EXERCISE DIRECTIONS:
Find the line containing "Once we log" in the entries; transcribe it and all remaining lines through the end, exactly as they appear, but not the pictures.

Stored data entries

------------------------------------------------------------

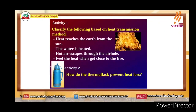The two activities are classified as follows, based on the heat transmission method: heat reaches the earth from the sun, water is heated, hot air escapes through the air hole, and we feel the heat when we get close to the fire.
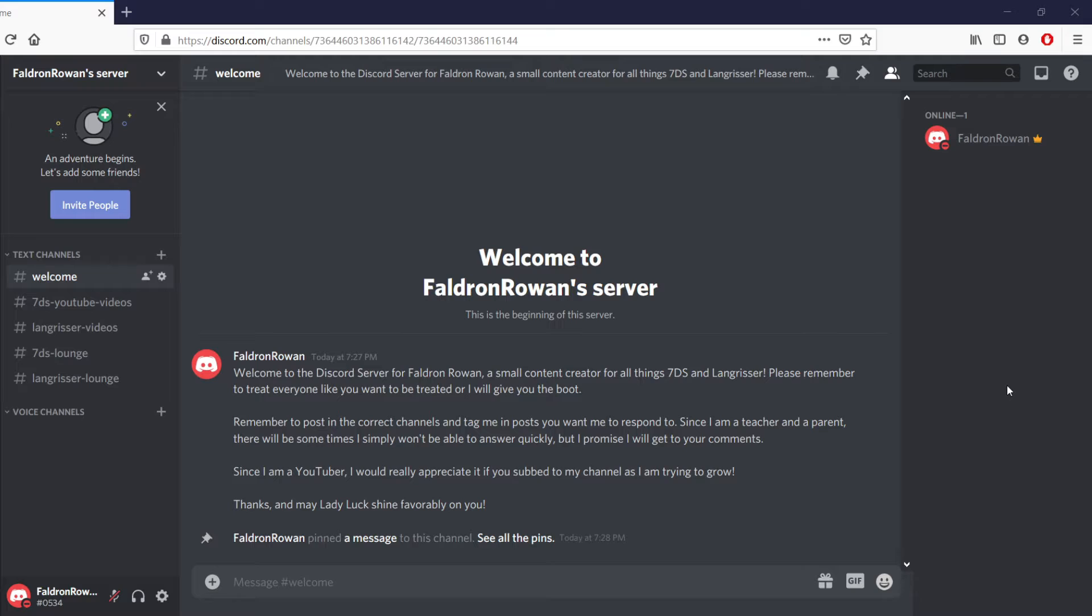Additionally, as of right now, there are no NSFW channels. In the future that may change depending on requests, but as of right now we're leaving the content as is. We're gonna leave it PG-13. Anything in violation of that will result in a ban and removal from the channel.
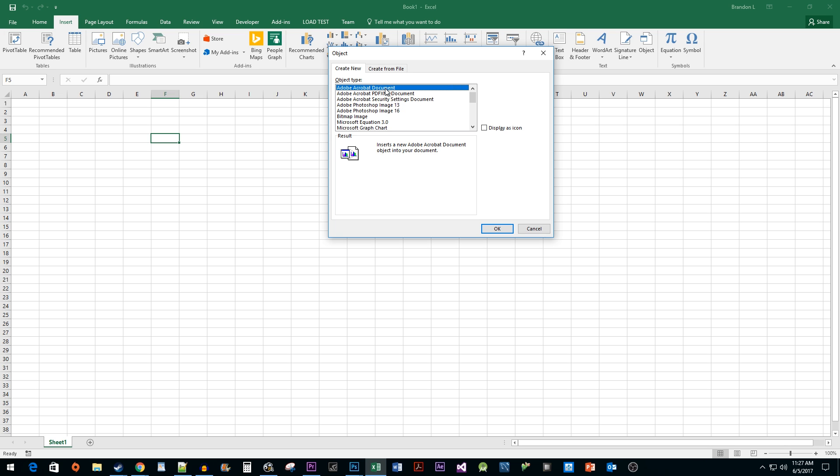Since I want to display my PDF as an icon that I can double-click to open in Adobe Reader, I'm going to click this checkbox. If you want to display the whole PDF like a picture, you can leave this unchecked.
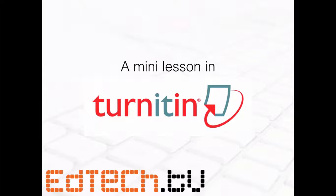So we're going to do a mini lesson in Turnitin. This is a little bit different format than normal, but I hope you like it. And if you do, shoot me a little tweet at EdTechTV just to let me know because I might do more of them if it's useful for you. And for now, let's take a look at how to compare multiple drafts or revisions.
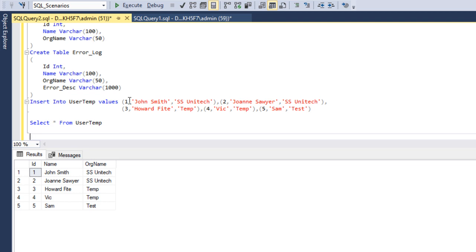Our requirement is to delete the data where the organization name is not equal to SSUNITEC — that applies to IDs 3, 4, and 5. We want to delete that data from this table and at the same time insert that data into the error log table. This is useful inside stored procedures where you need to delete data and simultaneously log it.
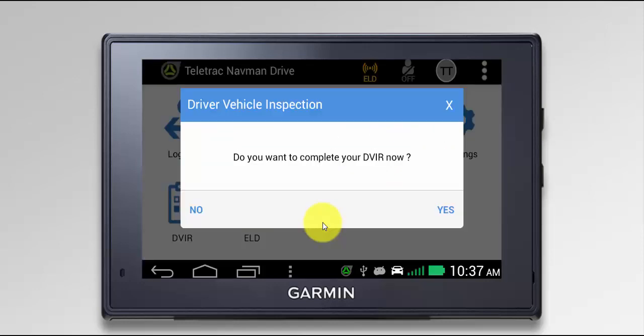Once we log on, we'll be prompted if we want to complete our DBIR. If we click Yes, this will bring you to the DBIR application where you can update or create a new report. Or if you click No, it'll just close the prompt.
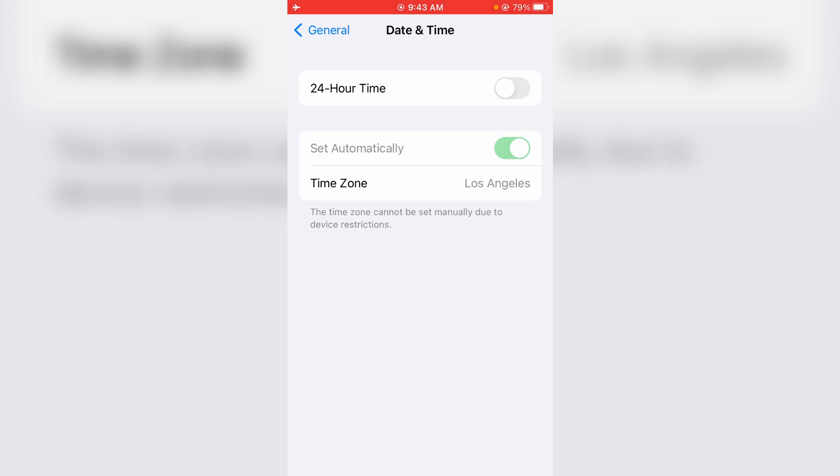Hello guys and welcome back to my channel ThetaBox. Today I got the following error notification while trying to change my iPhone date and time settings: the time zone cannot be set manually due to device restrictions.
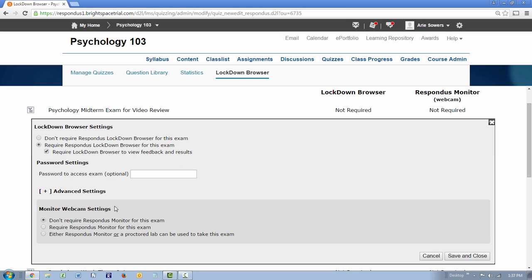Your institution may also have a license for Respondus Monitor, a companion product for Lockdown Browser that uses a student's webcam to record the assessment session. If a webcam is being required, select that setting too. Full details on how to use Respondus Monitor are provided in a different video.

------------------------------------------------------------

WRITTEN RESPONSE:
Once we log on, we'll be prompted if we want to complete our DBIR. If we click Yes, this will bring you to the DBIR application where you can update or create a new report. Or if you click No, it'll just close the prompt.
Hello guys and welcome back to my channel ThetaBox. Today I got the following error notification while trying to change my iPhone date and time settings: the time zone cannot be set manually due to device restrictions.
Your institution may also have a license for Respondus Monitor, a companion product for Lockdown Browser that uses a student's webcam to record the assessment session. If a webcam is being required, select that setting too. Full details on how to use Respondus Monitor are provided in a different video.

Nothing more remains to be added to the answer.